I take a bus from my stay at the Kaziranga National Park. I get off at Jorhat. There are days when nothing happens right and everything you do on the road works against you. So it happens that I wander around in Jorhat town thinking I have arrived too early. I might as well take sometime to blog. I haven’t done that for a while. So I sit in an Internet center for an hour. When I come out, I walk to a nearby market and buy a kilo of ripe plums. This is a good place to stock up on fruits which may be expensive on Majuli.
I take a shared tempo to Nemati Ghat. It is a slow journey with frequent stops. Public transport into places away from the main highways is basic and you better have more than enough time on your hands if you rely on them. When I arrive at Nemati Ghat it is half past elevan. I walk down to one of the jetties and enquire if the boat is going to Majuli.
‘Which island?’ ask the boatman. He is busy cooking a meal. It doesn’t look like he and his crew of two are going to be departing anytime soon.

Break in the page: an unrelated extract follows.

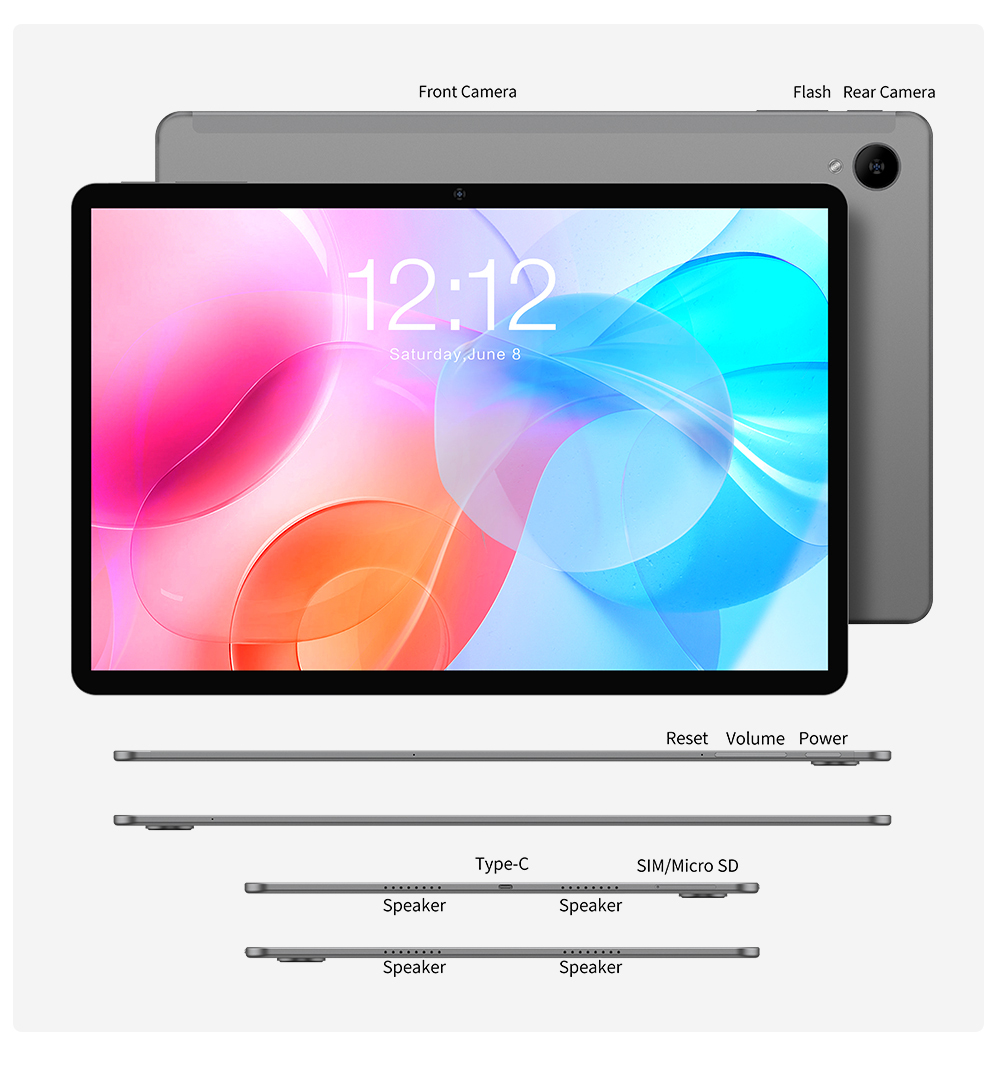 1. Teclast m40 air. Планшет teclast m40. Teclast m40 pro. Teclast t40air_eea.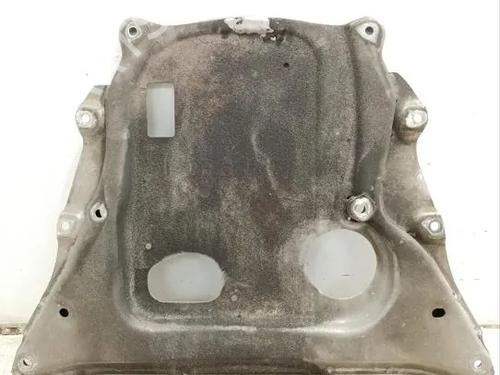 Electronic module BMW X5 (G05, F95) M | BP37493728M83 - Image 8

That’s the first surprise for the day. I have not done enough research. Perhaps in ancient times it was a single island. These days Majuli refers to a group of islands. So the boatman’s question is not misplaced.
‘I am tourist. Where should I go?’ I ask vaguely. I am not all that convinced I am going to get a suitable reply.
‘Go to Kamalabari. Most people go there,’ he says. ‘Are you here to visit the sataras?’
I don’t make a direct reply to this question. I ask instead, ‘When is the next boat to Kamalabari?’
‘You just missed it five minutes ago,’ he says pointing to a boat some distance away. I saw this one pulling away from the jetty when I got off the tempo. There is nothing worse than missing your connection by minutes. He continues, ‘The next one is three hours later.’
‘Three hours,’ I say half in disappointment and half in anger at myself for not having got here earlier.
‘How long is the ride to Kamalabari?’ I ask.
‘About 90 minutes.’
This is my second revelation of the day. I had imagined getting to a river island would take only ten minutes at the most. Who could guess it would involve such a long journey? I wait around to see if there is any other boat to any other island. Nothing but the boat to Kamalabari three hours from now.
The jetty at Nemati Ghat is not something you can imagine if you have ever been to pristine islands of the Indian Ocean or the deep blues and sunny sands of the Mediterranean. For one, the day is overcast. It had rained in the early hours of the morning. Assam is generally a place of high humidity and uncomfortable air. If anyone told you that Majuli is a freshwater paradise, it’s hard to believe from what I see at Nemati Ghat. The river is muddy.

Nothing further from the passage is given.